Kearns and Sons RS Aesthetics

County Attorney proposes restructuring of office


By Michael Howell

County Attorney Bill Fulbright’s budget proposal for FY 2014 includes a major restructuring of the office that he claims will “net significant savings in general fund expenditures,” reducing them by more than $47,000. Fulbright told the commissioners in his proposal that there are five inter-dependent changes necessary to make his office more efficient, better serve the citizens and save the County money.

The five-part plan calls for eliminating contractual services for Child and Family Services (CFS) cases; adding child protection prosecution to the office; revising attorney compensation; strengthening the support staff by hiring four paralegals and one receptionist; and establishing Supervisory Attorney positions.

He states in his proposal that it will shift the workload and responsibilities for prosecuting CFS cases to the County Attorney’s Office, and not renew the outside contract for those services. He said that contract has averaged about $76,500 per year. In addition, he is proposing that the County not contract out for legal services to conduct labor negotiations with the four bargaining units. That contract has ranged from $8,000 to $10,000 per year.

Fulbright proposes to fill the vacant attorney position in the office with one who will prosecute CFS and criminal cases.

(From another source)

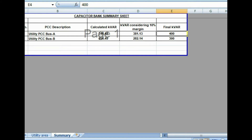This is the typical calculation for shunt capacitors required for any power system, load station, or substation. If you like my video, please hit the like button and subscribe to my channel, and hit the bell icon so that I can upload new videos for electrical systems.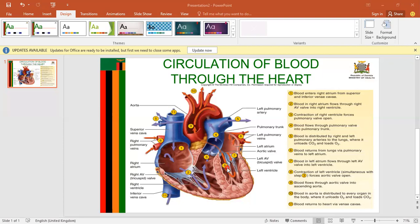The blood is going to be pushed into the aorta through the aortic valve. And from the aorta, blood is now going to be distributed to the rest of the body, to every organ in the human body, delivering oxygen to the body tissue while collecting carbon dioxide.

“While this position has been vacated by an experienced attorney at the high end of the pay scale, I am willing to fill the position with an inexperienced attorney at the lower end of the scale, and take on the training and mentoring necessary with a new prosecutor,” wrote Fulbright in his proposal. He said the cost of the position would be offset in part by federal funding through Title 4-E of the Social Security Act.

Fulbright notes that taking on CFS responsibilities also requires some trained staff. He calculates that four new paralegals and a receptionist are needed.

“It has become apparent that I cannot micro-manage all aspects of the legal work and office personnel within the RCAO,” wrote Fulbright. “To continue to do so is neither efficient nor productive for the RCAO’s work and personnel, nor Ravalli County.”

As a result, he says, he has created two supervisory positions. Each is created by a separate, extra job description, with a separate action form, so that supervisory duties and stipend are separate from the particular attorney’s other position and responsibilities. In the event that the particular attorney no longer serves in a supervisory capacity, then there is a clear demarcation of what responsibilities and stipend are attributed to the additional supervisory position.

There will be two supervisory positions, a Lead Civil Attorney who will directly supervise civil litigation, and a Staff Supervisor who will directly supervise all non-attorney staff. Both positions are directly accountable to the County Attorney.